Scope and Method of Study:
This work provides a discussion of the lifecycle of the cellular slime mold, Dictyostelium discoideum (Dd), as it may be used for numerical optimization with emphasis on its use as an Evolutionary Algorithm. The study begins with a review of a number of existing numerical optimization algorithms that make use of direct search methodology (i.e. they do not require the computation of a derivative to perform optimization) such as Pattern Search, Downhill Simplex, and Razor Search. These algorithms are of interest because they were precursors to Evolutionary Optimization, and their search strategies, in some cases, are similar to amoeboid movement. Next, a review of some existing Evolutionary Algorithms is provided. This includes a review of Differential Evolution, Particle Swarm Optimization, and a Real-Coded Genetic Algorithm.
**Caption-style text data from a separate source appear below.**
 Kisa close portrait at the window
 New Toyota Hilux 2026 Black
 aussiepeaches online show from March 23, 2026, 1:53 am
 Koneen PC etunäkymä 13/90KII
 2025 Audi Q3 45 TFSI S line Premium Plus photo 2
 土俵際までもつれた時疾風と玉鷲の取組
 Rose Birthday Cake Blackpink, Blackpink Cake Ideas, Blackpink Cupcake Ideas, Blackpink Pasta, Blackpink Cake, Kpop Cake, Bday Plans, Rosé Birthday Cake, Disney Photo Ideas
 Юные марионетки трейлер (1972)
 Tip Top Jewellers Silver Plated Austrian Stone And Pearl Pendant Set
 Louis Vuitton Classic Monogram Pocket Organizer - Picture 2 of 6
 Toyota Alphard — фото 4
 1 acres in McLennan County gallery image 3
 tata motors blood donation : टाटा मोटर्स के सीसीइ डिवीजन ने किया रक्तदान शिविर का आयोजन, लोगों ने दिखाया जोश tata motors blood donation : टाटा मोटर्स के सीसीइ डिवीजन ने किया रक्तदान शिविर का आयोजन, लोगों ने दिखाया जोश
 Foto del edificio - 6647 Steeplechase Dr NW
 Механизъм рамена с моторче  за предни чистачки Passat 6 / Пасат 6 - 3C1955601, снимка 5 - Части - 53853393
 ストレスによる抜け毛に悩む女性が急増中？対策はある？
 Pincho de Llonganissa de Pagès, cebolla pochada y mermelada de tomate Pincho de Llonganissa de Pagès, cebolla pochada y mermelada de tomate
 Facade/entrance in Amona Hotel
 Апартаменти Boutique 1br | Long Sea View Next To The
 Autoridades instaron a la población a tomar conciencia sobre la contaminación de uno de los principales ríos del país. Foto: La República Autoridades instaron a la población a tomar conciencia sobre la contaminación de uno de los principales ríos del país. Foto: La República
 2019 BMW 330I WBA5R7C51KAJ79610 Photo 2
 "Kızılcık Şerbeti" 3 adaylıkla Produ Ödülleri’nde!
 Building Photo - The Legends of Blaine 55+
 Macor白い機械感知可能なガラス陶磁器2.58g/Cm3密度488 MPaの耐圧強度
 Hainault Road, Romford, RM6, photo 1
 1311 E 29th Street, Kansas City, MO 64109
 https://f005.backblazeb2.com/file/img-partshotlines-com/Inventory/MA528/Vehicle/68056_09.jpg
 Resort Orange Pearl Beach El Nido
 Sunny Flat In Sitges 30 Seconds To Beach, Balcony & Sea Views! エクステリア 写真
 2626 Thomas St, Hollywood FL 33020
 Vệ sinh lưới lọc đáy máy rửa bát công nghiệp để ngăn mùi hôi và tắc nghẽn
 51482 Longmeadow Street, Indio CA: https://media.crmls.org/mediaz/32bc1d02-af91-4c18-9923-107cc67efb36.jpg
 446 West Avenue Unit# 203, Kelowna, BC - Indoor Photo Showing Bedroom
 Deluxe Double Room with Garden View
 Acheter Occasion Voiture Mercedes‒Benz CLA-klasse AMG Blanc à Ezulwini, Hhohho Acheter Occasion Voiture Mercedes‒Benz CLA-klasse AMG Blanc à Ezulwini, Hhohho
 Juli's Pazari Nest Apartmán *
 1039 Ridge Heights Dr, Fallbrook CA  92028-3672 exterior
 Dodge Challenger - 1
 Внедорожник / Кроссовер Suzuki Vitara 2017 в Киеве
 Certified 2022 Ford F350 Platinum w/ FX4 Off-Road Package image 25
The second part of the review is of Dd lifecycle, biological computation, and simulations thereof. With simulations in hand, several data structures are introduced to handle the transition from simulation to optimization. Then, the Slime Mold Optimization Algorithm is introduced. It follows the lifecycle of Dd, using vegetative, aggregative, mound, slug, and dispersive states to perform optimization. Thereafter, several variants of the Slime Mold Optimization Algorithm are created.
Findings and Conclusions:
The Slime Mold Optimization Algorithm and its variants were tested on a comprehensive function suite consisting of objective functions of varying difficulty, dimensionality, and modality. Results were compared by varying parameters of the algorithm including number of amoebae and maximum numbers of objective function values. Results were also compared to those of existing Evolutionary Algorithms. These results show promise and in some cases are better than existing Evolutionary Algorithms, though work is needed to make the algorithm better suited to extremely large search spaces and problems with high dimensionality. Variants of the algorithm were also tested showing improvement over the original version of the Slime Mold Optimization Algorithm.